# Another CAI Question



## mjadams87 (May 19, 2006)

I ordered a Volant CAI and the SLP loudmouth and they should be here on the 7th. I was told that i could just bolt them on without having any issues. However i was doing some more research and saw that some people were proposing that the volant causes the ls2 to run too lean. Is this true? I was under the impression the ECU would adjust the F/A mixture accordingly.

Would the diablo predator be able to correct this? I really dont care too much about power gains, i just am looking at these for sound, fuel economy, and throttle response.

thanks!


----------



## SgtGeek (Apr 30, 2005)

Couple of things.
Firstly. Before you install your CAI ( of any kind folks) remove your negative battery terminal. When your all finished....replace it. This resets your PCM and forces a relearn. Important with the newfound air flow.
Secondly. If your going to use a oiled cotton air filter. Get some of this.
http://www.midwayautosupply.com/detailedproductdescription.asp?19596
Good stuff and doesnt harm your MAF sensors like brake fluid etc.
You may also want to look into a dry filter like AEM or Amsoil in place of the oiled filter.


----------



## RICKGTO (Mar 25, 2006)

The only thing I heard was the intake tube hitting a pully on the 06's. Other than that enjoy, I am sure it will sound nice.


----------



## GOGTO007 (May 18, 2006)

I wouldn't worry about oil from the filter getting on the MAF. I have run cotton oiled filters for years and never had this problem. Unless you over oil the filter there is not enough oil to be pulled down the tube and into the MAF.
Enjoy the sound and throttle response.


----------



## mjadams87 (May 19, 2006)

thanks guys, the main thing im worried about is the engine running too lean and gettin too hot. can i really install this CAI without a dynotune and have no problems? 

thanks again


----------



## socal gto (Mar 10, 2006)

There is no need to dyno tune for just an intake. Once you get alot more done the the car then tune it so all of your parts work better together.


----------



## SgtGeek (Apr 30, 2005)

GOGTO007 said:


> I wouldn't worry about oil from the filter getting on the MAF. I have run cotton oiled filters for years and never had this problem. Unless you over oil the filter there is not enough oil to be pulled down the tube and into the MAF.
> Enjoy the sound and throttle response.


Not really the main concern...oil in the MAF that is....but it does get on the sensors even with a careful application of oil....the main advantage I have found is the silicon drop in my UOA's by using the NanoFiber cone filters versus oiled cotton guaze.
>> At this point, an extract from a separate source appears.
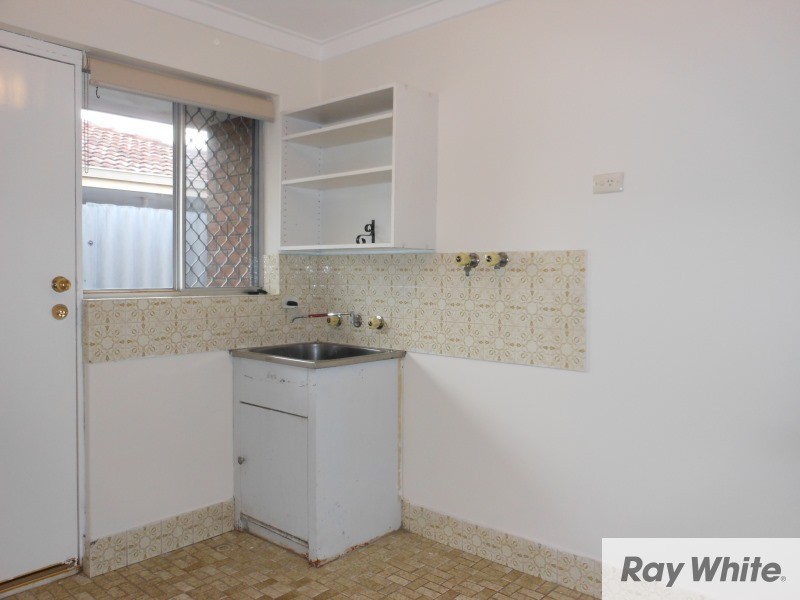 19 Walton Street, Queens Park WA 6107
Silicon is a result of particles of dirt in your engine oil. The KN's ( which I used for years) dont do a very good job of filtering the small dirt particles...these fine particles go in your intake valve and past your rings into your oil....yes they are like sandpaper on your cylinder walls and other moving parts....they show up in UOA's of your oil....So my purpose of raising this alternative to the oiled cotton solution that has been around for years is more for the filtering aspects without sacrificing flow. And yes a big added bonus is you eliminate even the remote possibility of oil mist on the MAF sensors. All good things. Gotta love technology...always moving forward and getting better....
https://www.amsoil.com/storefront/eaau.aspx
http://trucks.aempower.com/press_events_detail.asp?aid=54


----------



## GOGTO007 (May 18, 2006)

I have researched a little bit and the AEM Brute Force intake that uses the dry flow filter uses the filter part # 21-2059D which is a 9" Element with a 4" inlet. You can order just the filters here: http://www.autoanything.com/air-filters/65A2591A0A0.aspx

I don't know if the other systems use the same size element, but I would expect them to use the same inlet size. The element comes in two sizes 5" and 9".

Based on the size above the Amsoil filter would be the following:

AMSOIL# EaAU4090, Round Tapered, Center, 6.000, 4.00, 1.750, 9.0, 5.0


----------



## SgtGeek (Apr 30, 2005)

Yup. On my KN ( 2004 GTO) you can fit the 9" AEM but you have to cut little of the tube back or it will hit the fender well. No big deal at all. If you go the Amsoil route it is the EAAU3560 (3 1/2 by 6 inch long) is the identical size of the KN cone filter that came with the KN CAI.


----------



## SgtGeek (Apr 30, 2005)

GOGTO007 said:


> I have researched a little bit and the AEM Brute Force intake that uses the dry flow filter uses the filter part # 21-2059D which is a 9" Element with a 4" inlet. You can order just the filters here: http://www.autoanything.com/air-filters/65A2591A0A0.aspx
> 
> I don't know if the other systems use the same size element, but I would expect them to use the same inlet size. The element comes in two sizes 5" and 9".
> 
> ...


My 2004 Goat CAI from KN is a 3 1/2" inlet diameter. You 05/06 guys have a 4"?
Show offs.:seeya:


----------



## GOGTO007 (May 18, 2006)

SgtGeek said:


> You 05/06 guys have a 4"?
> Show offs.:seeya:


Lol:rofl:


----------



## Russ2005 (Nov 24, 2005)

I received and had a Lingenfelter Intake installed today on my '05 goat (got the work done purely as a convenience). I have to say it looks good, fits well, and seals off the engine air quite well. My question is the installer did not disconnect the battery or do anything to reset the computer. Is this necessary so the engine computer can make any adjustments? There were no engine codes (as a few have mentioned can happen) from the install. He said no need, just sucking air from elsewhere and maybe a little more of it. Any input?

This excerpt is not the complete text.